## EXERCISE
Search the data for the word "Style". Reproduce every line where it is found.

## EXTRACTED RECORDS
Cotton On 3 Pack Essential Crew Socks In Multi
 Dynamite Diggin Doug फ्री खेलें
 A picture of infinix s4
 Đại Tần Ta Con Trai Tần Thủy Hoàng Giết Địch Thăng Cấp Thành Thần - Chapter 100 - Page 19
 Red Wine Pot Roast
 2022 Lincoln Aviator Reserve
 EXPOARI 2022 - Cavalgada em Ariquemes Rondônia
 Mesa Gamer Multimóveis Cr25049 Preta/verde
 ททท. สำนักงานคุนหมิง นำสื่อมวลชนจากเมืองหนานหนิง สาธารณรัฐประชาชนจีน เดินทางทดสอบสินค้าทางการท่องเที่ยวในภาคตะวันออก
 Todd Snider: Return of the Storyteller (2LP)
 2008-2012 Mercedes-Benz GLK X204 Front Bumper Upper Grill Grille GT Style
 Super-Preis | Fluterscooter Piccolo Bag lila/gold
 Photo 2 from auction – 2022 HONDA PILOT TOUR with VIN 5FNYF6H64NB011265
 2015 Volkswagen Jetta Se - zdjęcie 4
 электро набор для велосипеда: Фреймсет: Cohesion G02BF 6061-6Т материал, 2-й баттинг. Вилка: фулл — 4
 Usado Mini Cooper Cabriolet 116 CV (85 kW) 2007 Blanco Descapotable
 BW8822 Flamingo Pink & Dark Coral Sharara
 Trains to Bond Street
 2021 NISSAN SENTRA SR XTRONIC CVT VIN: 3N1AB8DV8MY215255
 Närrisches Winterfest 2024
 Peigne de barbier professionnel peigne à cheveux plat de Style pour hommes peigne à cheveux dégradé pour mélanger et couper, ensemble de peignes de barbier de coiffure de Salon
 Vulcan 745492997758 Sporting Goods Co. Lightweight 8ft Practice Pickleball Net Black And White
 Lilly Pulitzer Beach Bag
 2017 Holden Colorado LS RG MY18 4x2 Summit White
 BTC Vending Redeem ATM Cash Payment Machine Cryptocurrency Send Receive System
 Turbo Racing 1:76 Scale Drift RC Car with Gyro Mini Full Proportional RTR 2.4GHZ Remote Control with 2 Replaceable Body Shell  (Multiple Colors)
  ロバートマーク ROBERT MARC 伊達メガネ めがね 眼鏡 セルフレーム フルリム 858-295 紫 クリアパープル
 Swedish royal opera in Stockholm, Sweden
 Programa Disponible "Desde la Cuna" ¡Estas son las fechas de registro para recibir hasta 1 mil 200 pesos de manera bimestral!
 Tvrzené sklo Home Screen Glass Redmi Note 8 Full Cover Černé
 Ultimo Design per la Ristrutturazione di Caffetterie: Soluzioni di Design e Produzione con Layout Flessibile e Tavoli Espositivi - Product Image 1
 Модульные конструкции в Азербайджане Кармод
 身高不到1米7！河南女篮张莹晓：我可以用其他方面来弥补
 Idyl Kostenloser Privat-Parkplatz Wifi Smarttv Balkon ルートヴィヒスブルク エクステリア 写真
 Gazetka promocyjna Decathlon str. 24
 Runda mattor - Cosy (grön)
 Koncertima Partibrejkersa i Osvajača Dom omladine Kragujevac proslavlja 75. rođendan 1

## SOLUTION TO THE PROBLEM
 2008-2012 Mercedes-Benz GLK X204 Front Bumper Upper Grill Grille GT Style
 Peigne de barbier professionnel peigne à cheveux plat de Style pour hommes peigne à cheveux dégradé pour mélanger et couper, ensemble de peignes de barbier de coiffure de Salon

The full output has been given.